PROVIDED DATA -
━━━━━━━━━━━━━━━━━━━━━━━━━━━━━━

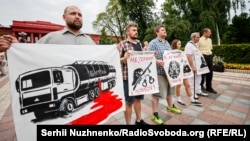 В парку Шевченка зібралося близько сотні активістів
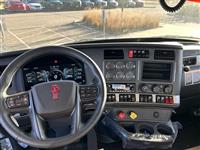 2024 Kenworth T680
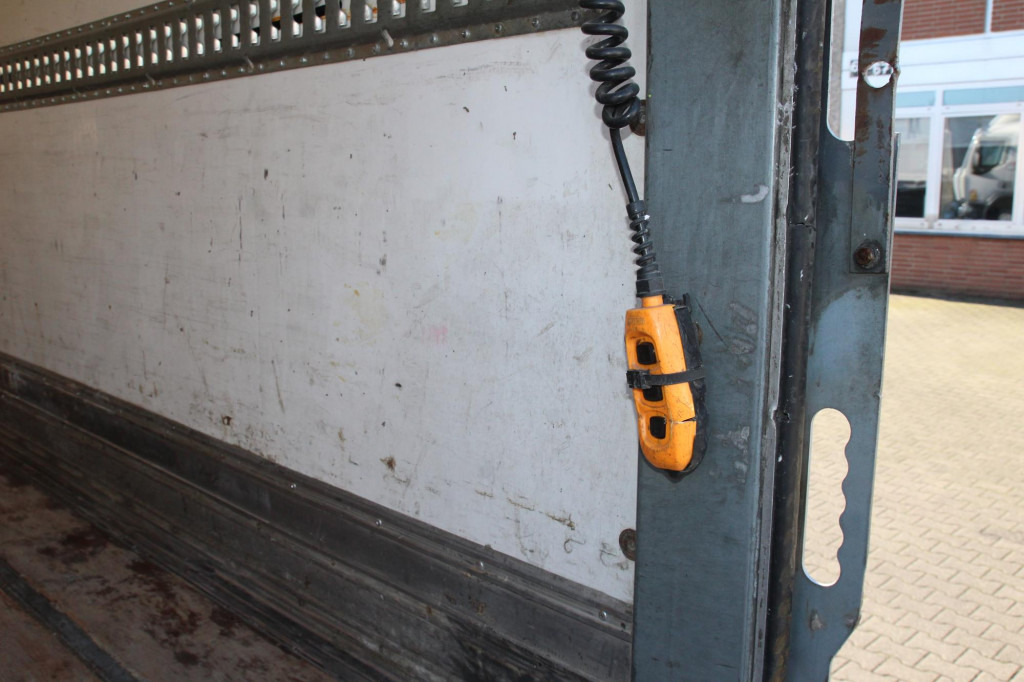 Camion fourgon Renault D  280E6 Wide  Koffer  LBW   nur 268Tkm!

━━━━━━━━━━━━━━━━━━━━━━━━━━━━━━

WORK ORDER -
Set the material above down again word for word. Include none of its pictures.

ANSWER FOR THIS EXERCISE -
 В парку Шевченка зібралося близько сотні активістів
 2024 Kenworth T680
 Camion fourgon Renault D  280E6 Wide  Koffer  LBW   nur 268Tkm!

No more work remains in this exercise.